When Sebastian Coe, the 1,500-meter gold medalist in both the 1980 and 1984 Olympics, failed to qualify two weeks ago for the team that Great Britain is sending to Seoul, there was an outpouring of sentiment on behalf of the champion. "It was a bit like requiring Mozart to run through the scales for the entertainment committee of the working men's club," wrote one British journalist. But the 31-year-old Coe reacted with his usual grace, saying, "The [selection] has been made, and I abide by it just as the other athletes have done."
Last week the president of the International Olympic Committee, Juan Antonio Samaranch, got into the act by writing the British Amateur Athletic Board to ask that it reconsider the decision to leave Coe off the team. Samaranch, who knows Coe well from their work on Olympic matters of mutual concern, told one London newspaper, "I know that many British people, as well as others from other countries, want to see him run in Seoul, so I decided to write and ask that the question be considered again."
Coe said he was honored by the efforts of Samaranch. But Tony Ward, a spokesman for the board, said, "A letter has been sent to the president politely, but firmly, rejecting his suggestion." Ward also said, "We have replied that our selection policy is complete and we are quite satisfied with it. We find it quite extraordinary that the IOC president should write concerning our selection policy."

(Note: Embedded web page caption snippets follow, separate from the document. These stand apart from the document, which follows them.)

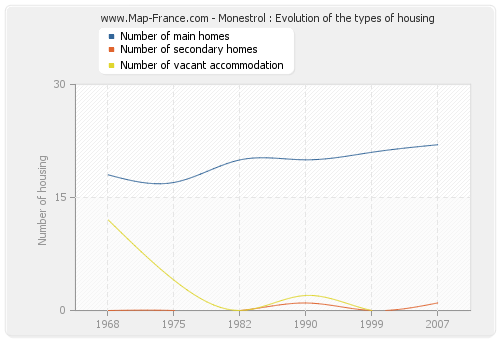 Monestrol : Evolution of the types of housing
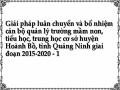 Giải pháp luân chuyển và bổ nhiệm cán bộ quản lý trường mầm non, tiểu học, trung học cơ sở huyện Hoành Bồ, tỉnh Quảng Ninh giai đoạn 2015-2020 - 1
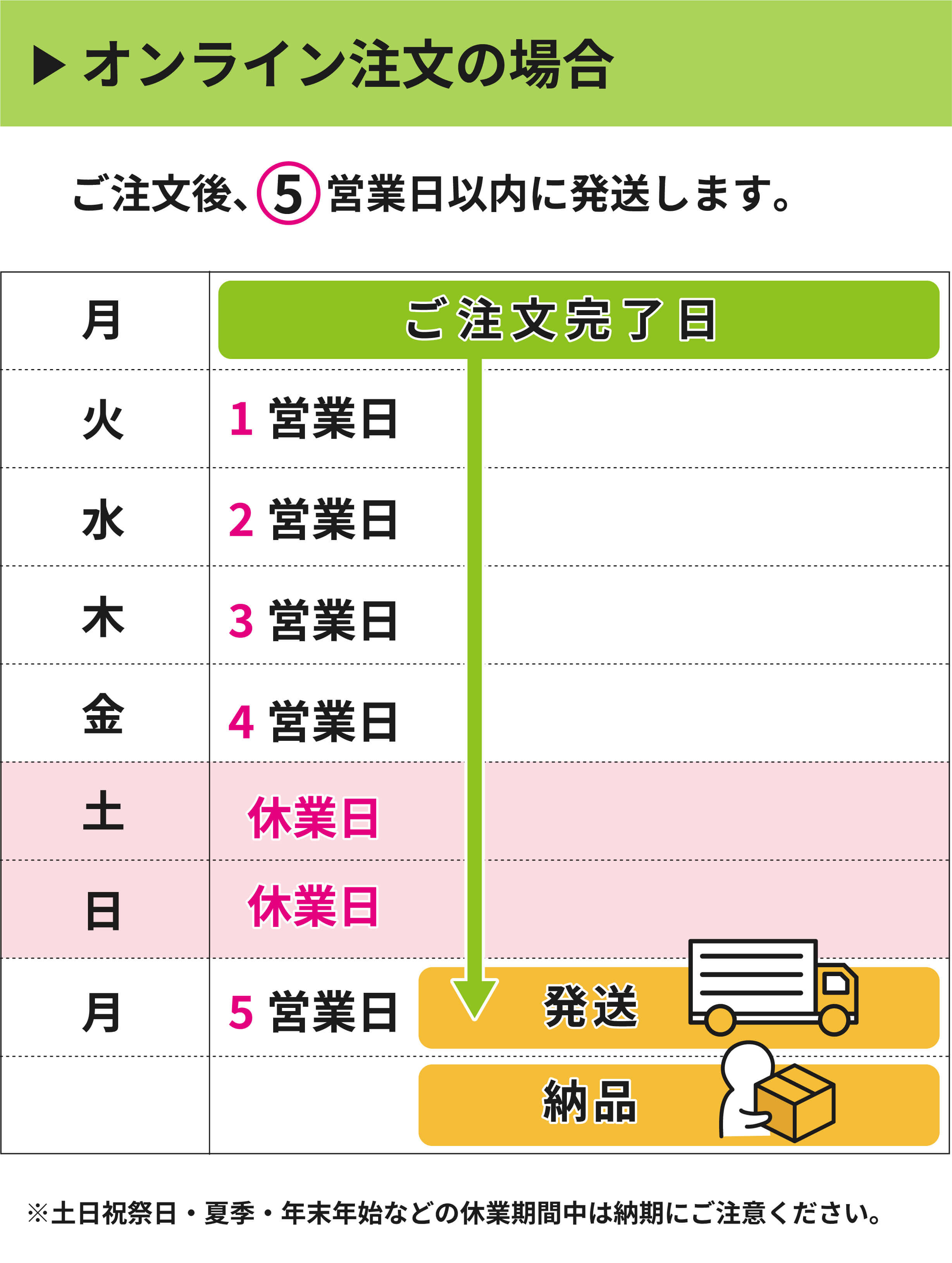 ご注文から発送までの日程表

Extraordinary and misguided. The president may have had noble motives for making his request, but as the leader of the Olympic movement, he must maintain an impartial and objective stance. Samaranch made much the same mistake last February when he criticized the U.S. Olympic hockey program. Whether or not Coe makes Britain's Olympic team is really none of his business.
HE EATS LIKE A PERSON
One of the entrants in Saturday's International Trot at Yonkers Raceway has rather unusual eating habits. Go Get Lost, a 4-year-old horse who finished third in the race, loves chocolate cupcakes, specifically the kind made by Hostess. He has tried Twinkies, but prefers the cupcakes. "He likes to bite the top icing off." trainer Art Wirsching told SI's Amy Lennard. "Horses don't usually like anything gooey because they're chewers, but he seems to love it. He also likes bananas." After Go Get Lost won a recent race at Yonkers, he was presented with a large silver cup filled with the chocolate cupcakes. "We can't give them to him all the time because of his digestive system." says Wirsching. "He would eat them three times a day if we didn't use discretion."

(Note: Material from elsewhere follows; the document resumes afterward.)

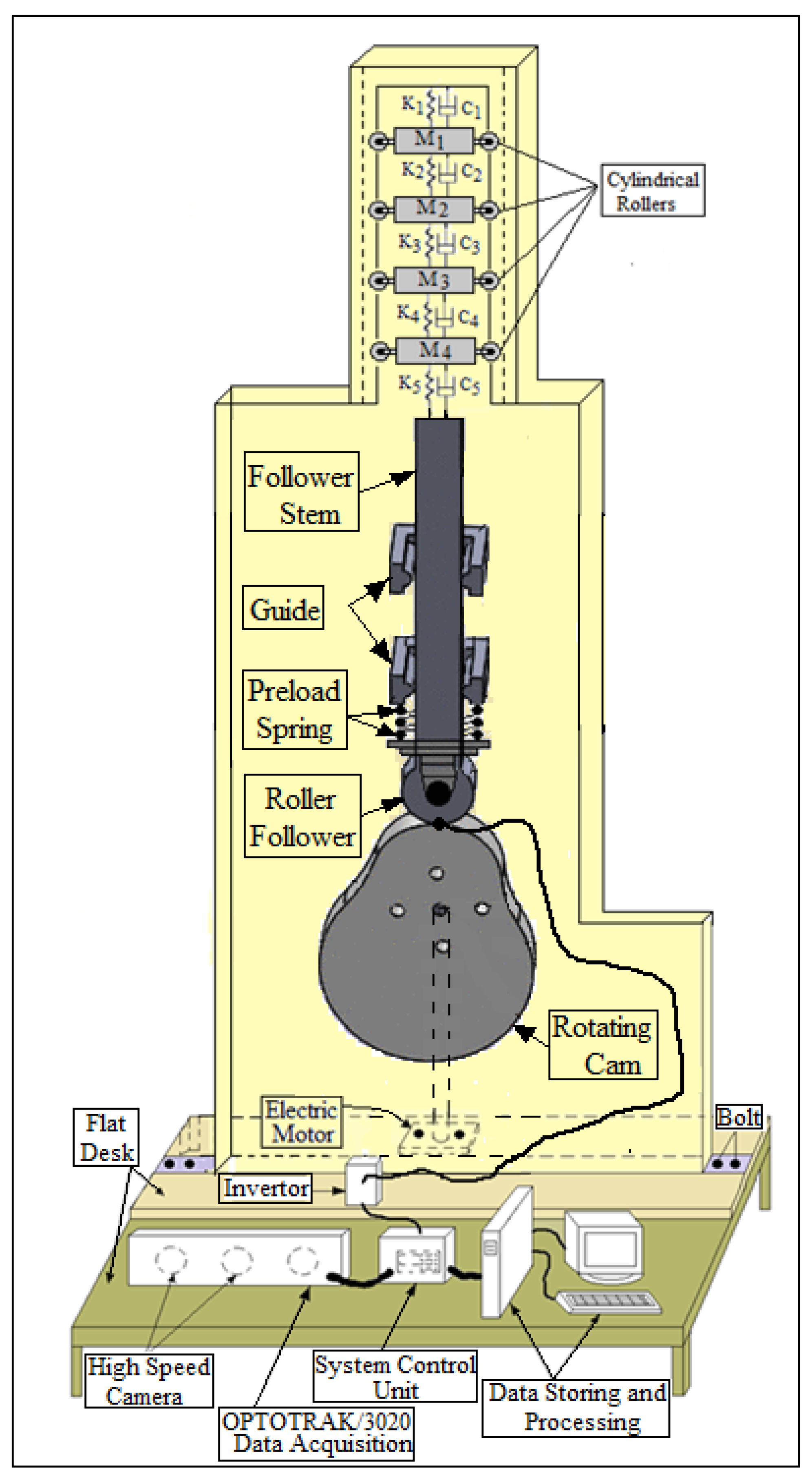 Processes 10 00585 g016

Go Get Lost also has a slightly more disconcerting trait. "When he wants attention, he sticks his tongue out the side of his mouth, hangs it way out." says Wirsching. "He wants you to pull it, like shaking hands. If you don't pay attention, out comes that tongue."

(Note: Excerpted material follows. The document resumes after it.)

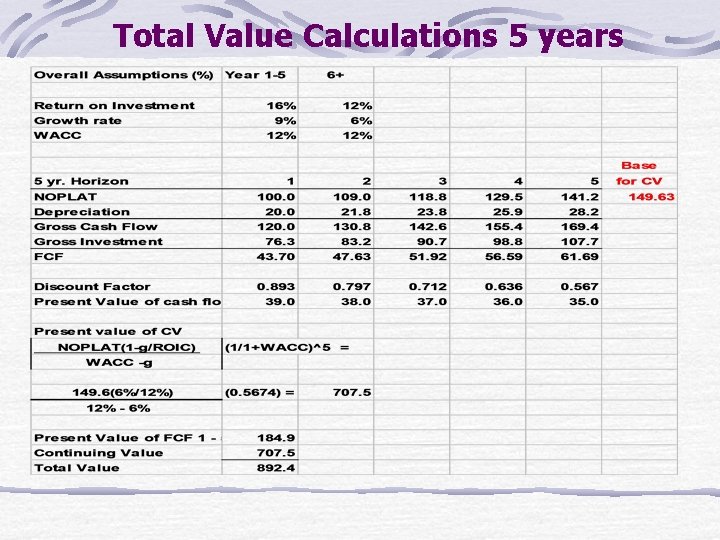 Total Value Calculations 5 years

Because of his strange food preference, Go Get Lost reminds some of Jamin, the French trotter who won the very first International back in 1959. Jamin was so partial to his favorite food, artichokes, that when U.S. Customs officials confiscated the artichokes that had crossed the Atlantic along with the horse, Jamin fell into a funk and trained listlessly. An emergency airlift of artichokes from California was arranged, and thus fortified, Jamin won the race.
OVER THE BORDER
The Canadian Press news agency polled members of the California delegation at the Republican National Convention last week in New Orleans. Though its methods were not exactly scientific—only 20 of the state's 175 delegates were canvassed—the poll did yield some interesting results. Only six of the 20 Californians knew that Canada was upset with President Ronald Reagan's foot-dragging on the problem of acid rain. Only seven had any knowledge of the recent free trade agreement signed by President Reagan and Canada's Prime Minister. Brian Mulroney. When asked, however, the name of the newest member of the Los Angeles Kings, all of them knew it was Wayne Gretzky.